(Saved entries)
....
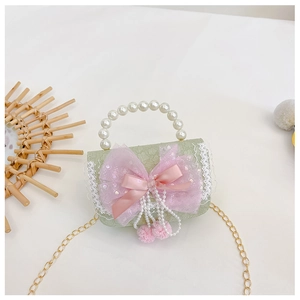 Detail der grünen Kindertasche mit rosa Spitzenschleife, Perlengriff und Goldkette
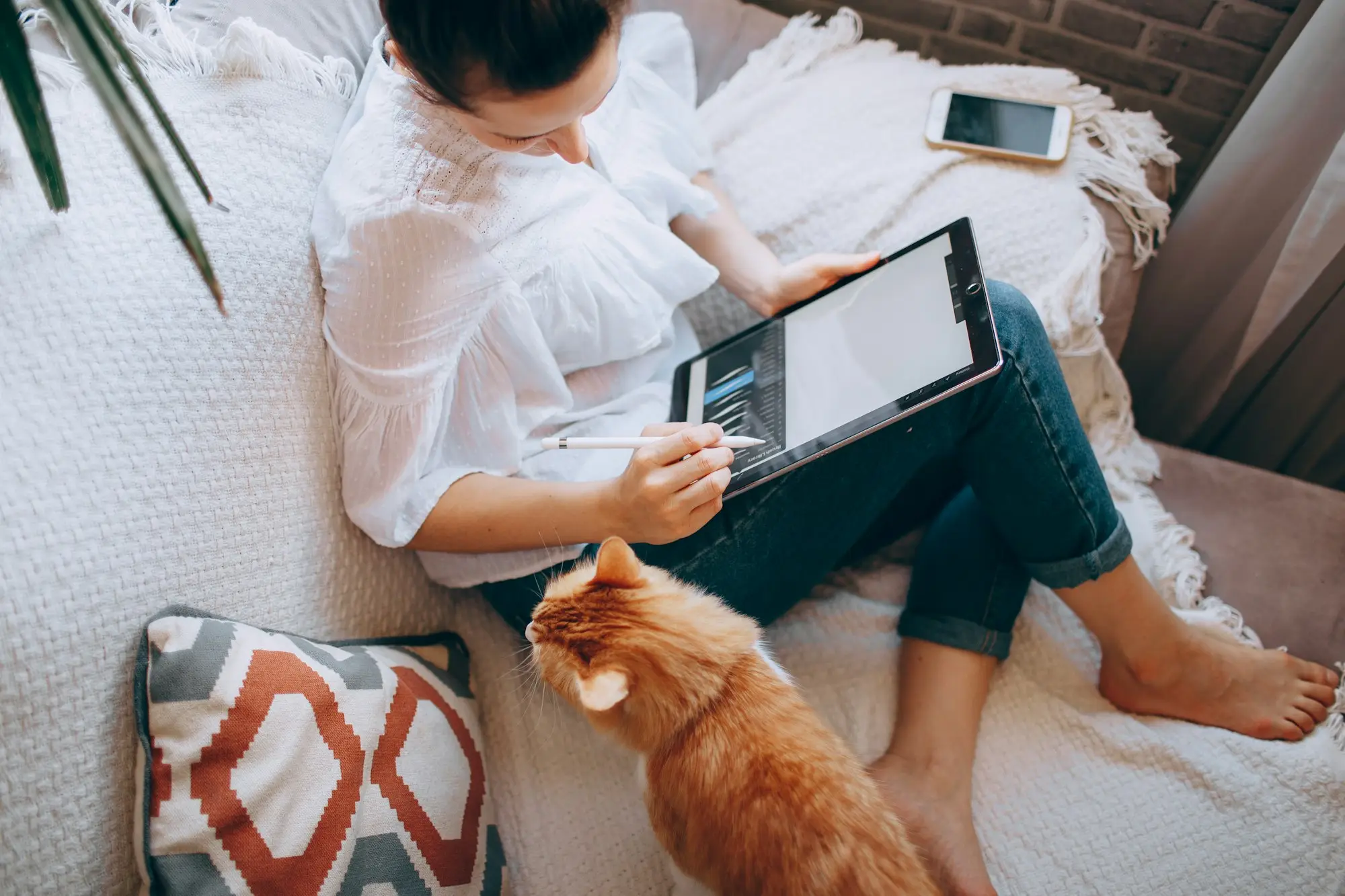 Business owner doing her weekly money routine on a tablet at home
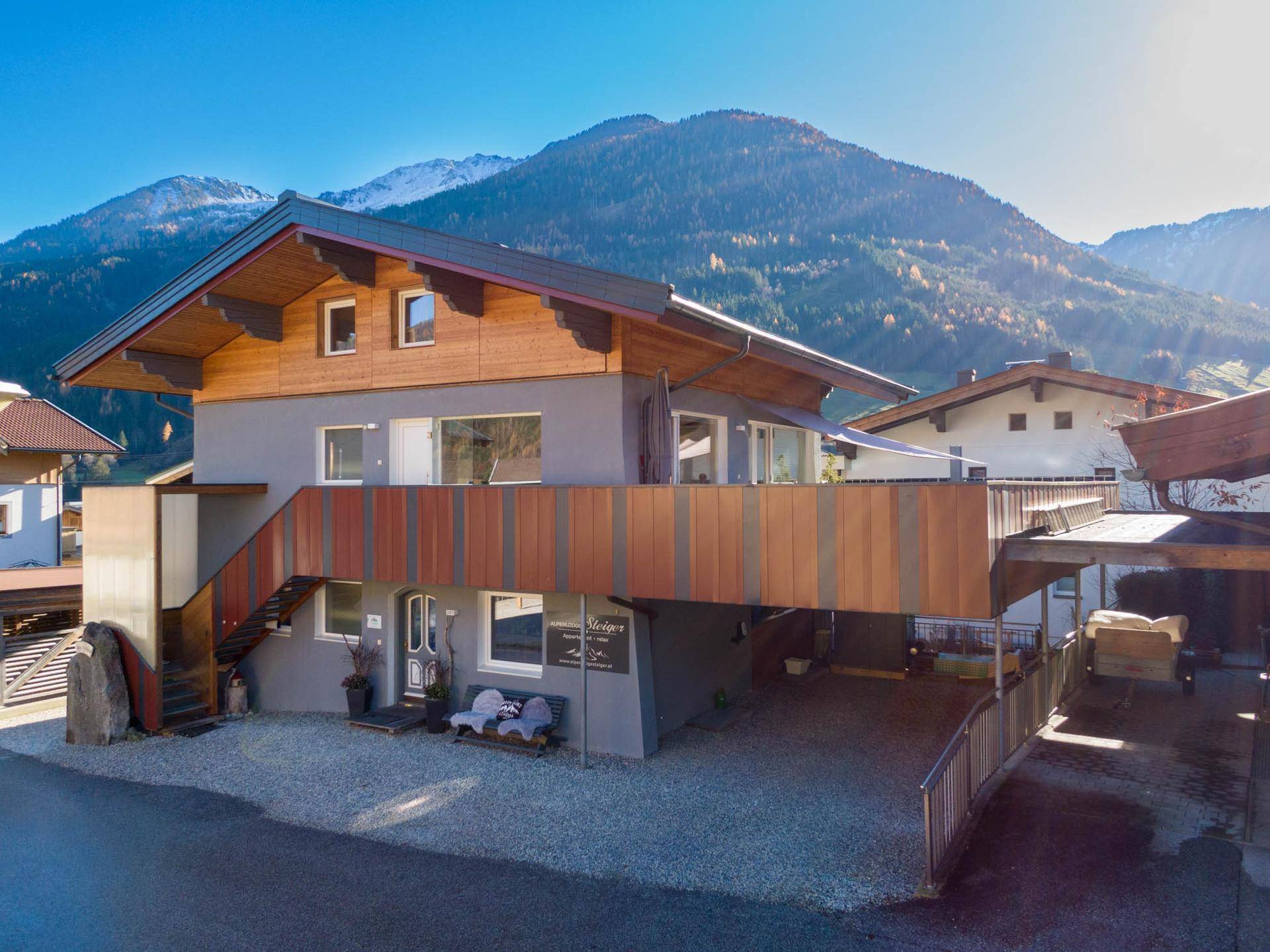 Modernes Haus mit Holzakzenten und großzügiger Terrasse, umgeben von verschneiten Bergen.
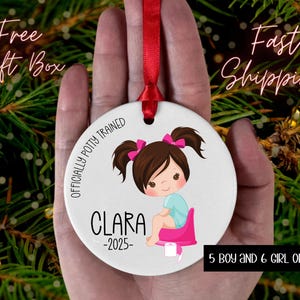 May include: A white ceramic ornament with a red ribbon, featuring a cartoon girl on a potty. The ornament has the text "OFFICIALLY POTTY TRAINED" and "CLARA -2025". Additional text includes "5 BOY AND 6 GIRL OPTIONS".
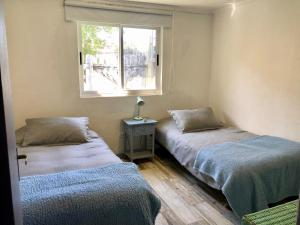 Dos camas en una habitación con ventana. en Casa Pichilemu, en Pichilemu 13 fotos más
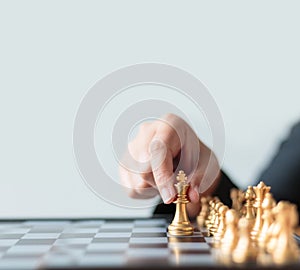 Close up shot hand of business woman moving golden chess to defeat a silver king chess on white and black chess board for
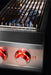 Stono Outdoor Living A close-up of the TrueFlame Gas Double Side Burner - TFSB2L by TrueFlame shows two blue burners lit under a metal grate, with illuminated control knobs below indicating both side burners are on—ideal for any outdoor kitchen.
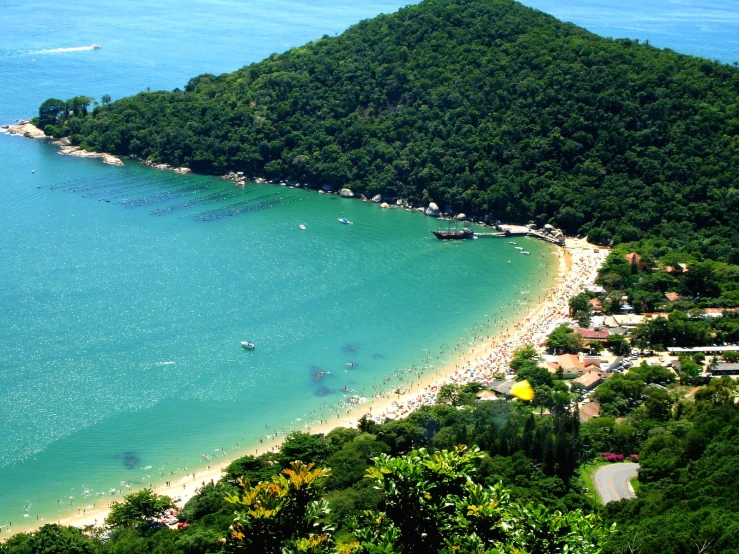 a sandy beach sits on the shore and on an island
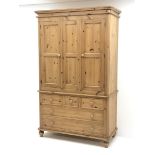 Waxed pine wardrobe enclosed by two panelled doors on chest fitted with three small and two long dra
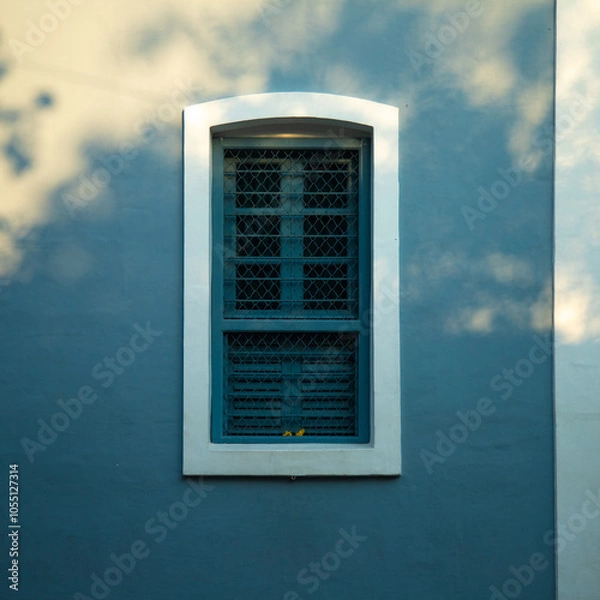 Fototapeta Blue iron and wooden color window with blue color concrete wall on the side of tree shadow, white town building concrete walls for photo shoot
....
Could you please write out exactly the lines from the start of the entries above through the line that holds "Modernes Haus mit", both included, with no pictures?

 Detail der grünen Kindertasche mit rosa Spitzenschleife, Perlengriff und Goldkette
 Business owner doing her weekly money routine on a tablet at home
 Modernes Haus mit Holzakzenten und großzügiger Terrasse, umgeben von verschneiten Bergen.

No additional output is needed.